Tout cela ne serait ni amusant ni grinçant si Louise-Michel n'était pas parfaitement ancré dans une réalité sociale qui, en surface, ne favorise pas la rigolade. Les travailleuses y affichent une lassitude jamais feinte et le décor, souvent glauque ou sans relief, révèle l'ampleur de la grisaille qui environne ces nouveaux damnés de la terre. Ce monde semble lui-même en proie à une lente désintégration, comme en témoigne cette image spectaculaire de la destruction du HLM de Louise, ruines fumantes où semble naître un nouvel esprit de rébellion.
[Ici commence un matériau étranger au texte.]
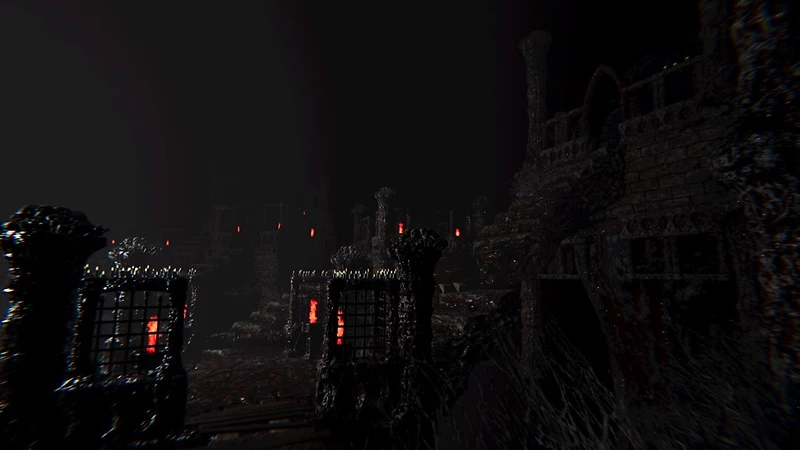 Dark Atlas: Infernum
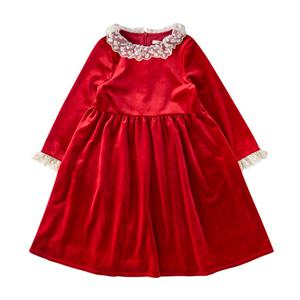 [룰라비]LB- 레이스벨벳원피스 75C22-400-01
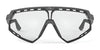 Rudy Project Defender Sunglasses | Size 141 / Matte Black w/ Black Bumpers / Smoke Black VLT 11.0%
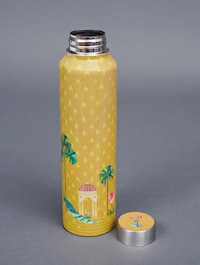 Palm & Shore Artisan Steel Bottle — 1L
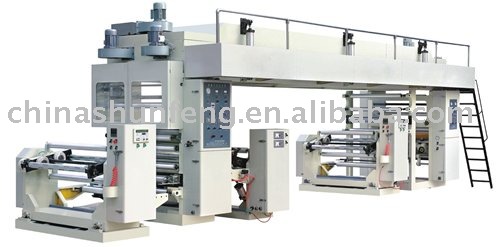Full Automatic High-speed Dry-type Laminating Machines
C'est cette détermination que célèbrent les deux cinéastes, sans prêchi-prêcha ni bréviaire marxiste (l'allusion à la militante anarchiste Louise Michel arrive, judicieusement, en fin de parcours). De cette comédie à l'humour corrosif émergent deux antihéros qui n'ont à peu près rien dans les mains, encore moins dans les poches, mais qui refusent leur triste condition, et plus tard des vêtements qui ne reflètent pas leur vraie nature. Par contre, sur le véritable visage du capitalisme, Louise-Michel ne rate jamais sa cible. De quoi faire trembler bien des patrons, et pas seulement ceux qui ont goûté à la séquestration.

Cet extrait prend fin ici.